Detailed Description

[052] In one embodiment, a male coupling member (fitting) of the present invention can either be adapted for attachment to the end of a hose, such as a garden hose, or it can comprise the outer end of a tap or faucet to which a garden hose is to be attached. When the male coupling member is permanently attached to the end of a hose, it may be releasably attached to a corresponding female coupling member which is part of another hose segment, a nozzle, a lawn sprinkler, or spigot, or the like. The female coupling members according to various embodiments can alternatively be permanently attached to the end of a hose, or to a hose segment, and/or releasably attached to a male coupling member of another hose segment, or to a male coupling member at the end of a tap or faucet.

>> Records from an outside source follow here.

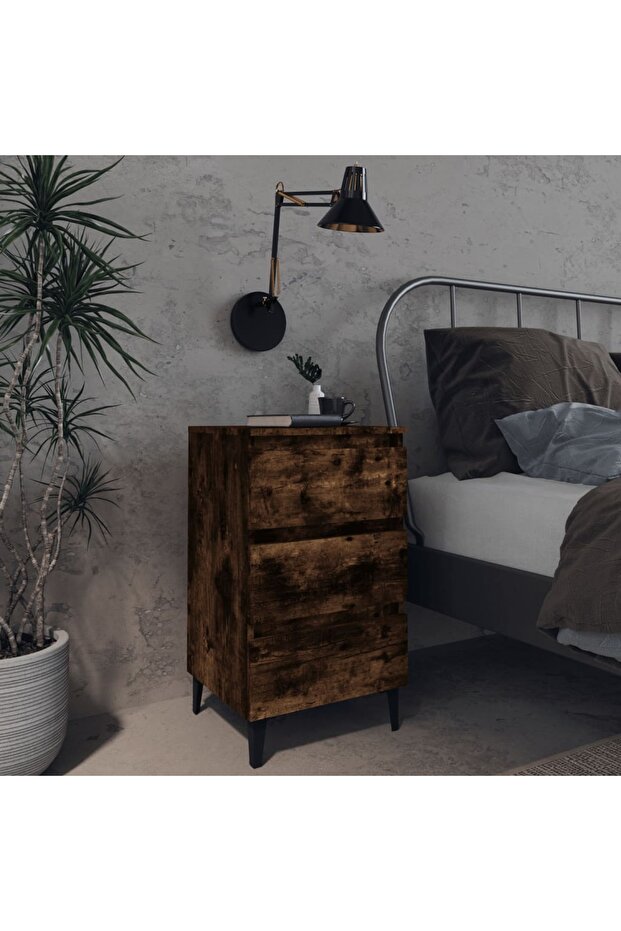 Bed Cabinet with Metal Legs Smoked Oak 40x35x69 cm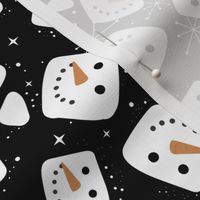 Christmas  retro fifties snacks collection - Little snowman ice cubes and snowflakes winter wonderland seasonal kawaii magic white on black
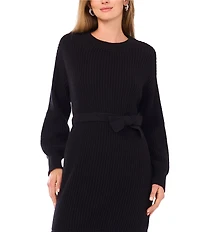 Vince Camuto Knit Round Neck Long Sleeve Lace Sweater Dress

[053] Throughout this application, the term "thread portions" refers to the fact that a standard thread is, in fact, a continuous full helical thread extending around a cylindrical surface. Thus, each turn of the thread may pass adjacent to a prior turn, but remains an extension of the same. Therefore, the term "thread portions" is meant to refer to and include each turn of the thread in a continuous thread. When this application refers to "interrupted thread" or "interrupted thread portions," this is meant to refer to an interruption in the continuity or continuous nature of a thread in one such thread turn. Therefore, when this application refers to an interruption or channel which extends longitudinally across each of a plurality of interrupted thread portions, this refers to a continuous interruption across all of the thread turns on either a male or female member.

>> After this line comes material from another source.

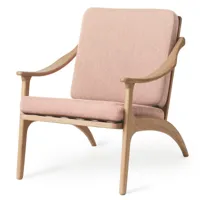 warm nordic fauteuil chêne huilé blanc lean back canvas pale rose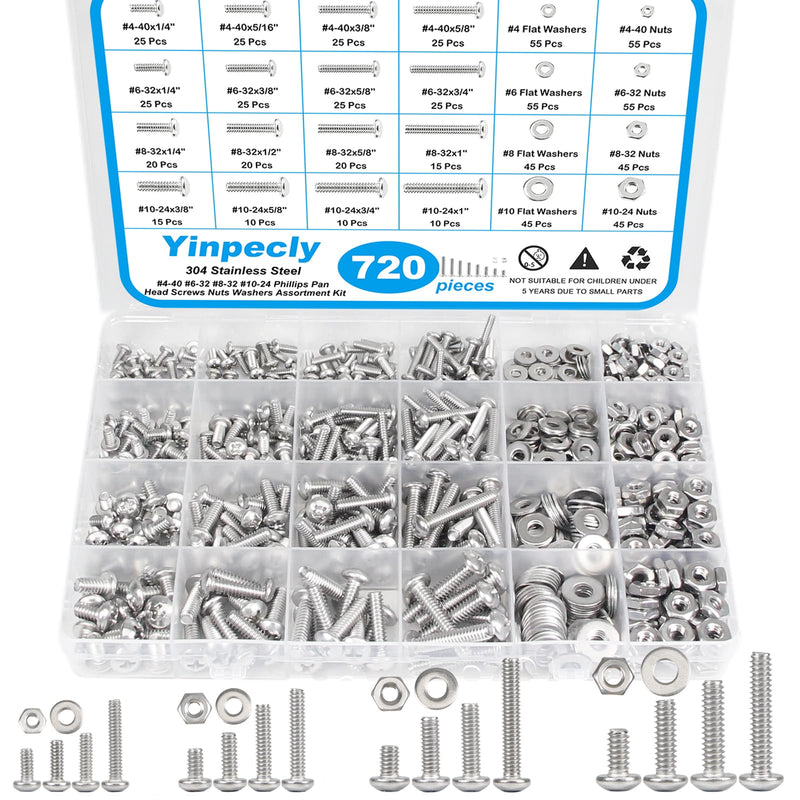 720pcs #4-40#6-32#8-32#10-24 Phillips Pan Head Machine Screws Nuts Washers Assortment Kit,304 Stainless Steel, Coarse Thread, Fully Machine Thread #4-40 #6-32 #8-32 #10-24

[054] As a reference point, Figs. 2-3 show in greater detail a prior art male and female fitting pair each having a full continuous thread, without interruptions. The male fitting 50 is a substantially cylindrical metal body having a central through bore 55, having a hose connector 51 adjacent a proximal end 52, and a continuous thread 53 adjacent a distal end 54. Between the proximal and distal ends is an external grip 56, here shown as an octagonal shaped enlarged diameter portion on the exterior of the fitting. Fig. 2C shows an end view of an extruded bar 57 of octagonal cross section used to

manufacture the prior art male fitting having an octagonal grip. The disadvantages of this prior art process, as distinguished from that of the present invention, is described later in this application.

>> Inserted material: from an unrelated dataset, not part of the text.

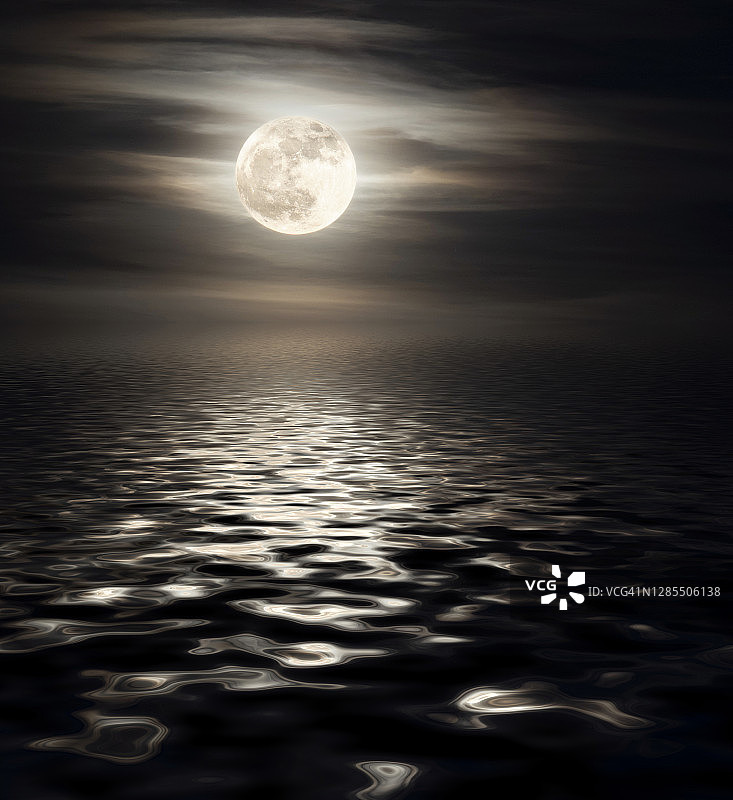 夜空高积云与水面满月倒影图片素材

[055] Fig. 3 shows a prior art female fitting, for use with the male fitting of Fig. 2. The female fitting 60 is also a substantially cylindrical metal body having a central through bore 61 , for alignment with the bore 55 of the male fitting. At a proximal end 62 it has an interior chamber 66 as part of bore 61 ; the chamber sidewall has a full continuous thread 63 to engage the external male thread 53. A washer 6 is provided in the chamber 66, adjacent the end wall 67 of the chamber, against which the second end or nose 54 of the male fitting 50 seals when the male and female fittings are fully threaded (coupled). The female fitting has a connector 65 at its distal end 64 for connection to a nozzle or sprinkler or the like.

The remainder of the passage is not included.